The overall objective of the study was to evaluate the effect of a high does of PMI 5011 in
obese insulin resistant, yet non-diabetic subjects. The study is a double-blind, randomized,
placebo-controlled, pilot study in which subjects will be randomized to receive either
placebo or PMI-5011 (4 500mg caps/TID) for a total of 3 weeks of treatment. Each subject
will continue on the same dosage of PMI-5011 or matching placebo for the entire duration of
treatment.

For this pilot trial, a precise technique (hyperinsulinemic-euglycemic clamps) will be used
to assess insulin sensitivity.

• Criteria for Inclusion

Men and women with obesity and meeting all criteria listed below will be included in the
study:

- Subjects >30 years of age

- Subjects not currently treated with diabetes medication

- Fasting blood glucose at time of screening of less than 126mg/dl

- Subjects with a Body Mass Index (BMI) > 32 and <45.

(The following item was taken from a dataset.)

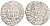 Великое княжество Литовское 1/2 гроша (полугрош) 1445-1492 Казимир IV (1445-1492), вес 0,85 гр., корона серебро 1517-324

- Written Informed Consent obtained PRIOR to performing any screening tests or study
procedures.

• Exclusion Criteria

- Subjects with a prior history of Type 2 diabetes.

- Women who are pregnant or who are lactating.

- Women of childbearing potential who are not using an effective method of birth
control

- Type 1 diabetes.

- Subjects who are currently on thiazolidinediones (rosiglitazone or pioglitazone) or
who have taken these agents in the previous 12 weeks.

- Subjects who are on concomitant therapy with glucocorticoids (except topical or
inhalant glucocorticoids).

- Subjects with a history or evidence of significant gastrointestinal dysfunction

- Subjects who are taking concomitant therapy with medications known to be nephrotoxic,
such as aminoglycosides, methicillin, and cyclosporin.

- Subjects who have evidence of clinically significant renal dysfunction or disease

- Subjects with clinically significant cardiovascular dysfunction and/or history

- Subjects who have evidence within the preceding 6 months of hepatic disease or
dysfunction; hepatitis; jaundice; cirrhosis.

- Subjects with clinically significant pulmonary, neurologic, hematologic, immunologic,
neoplastic or metabolic disease.

- Subjects with evidence or recurrence of malignancy within the past five years, other
than excised basal cell carcinoma.

- Subjects for whom surgery is anticipated during the study period.

- Subjects with an history of substance abuse or alcoholism within the past 5 years, or
significant psychiatric disorder that would interfere with the subject's ability to
complete the study.

- Subjects who have donated blood during the month prior to study entry or planned
during the study.

- Subjects who have participated in other studies using an investigational drug during
the preceding 3 months.

- Subjects who are current smokers or have smoked within the previous 6 months. No
smoking will be allowed during the study.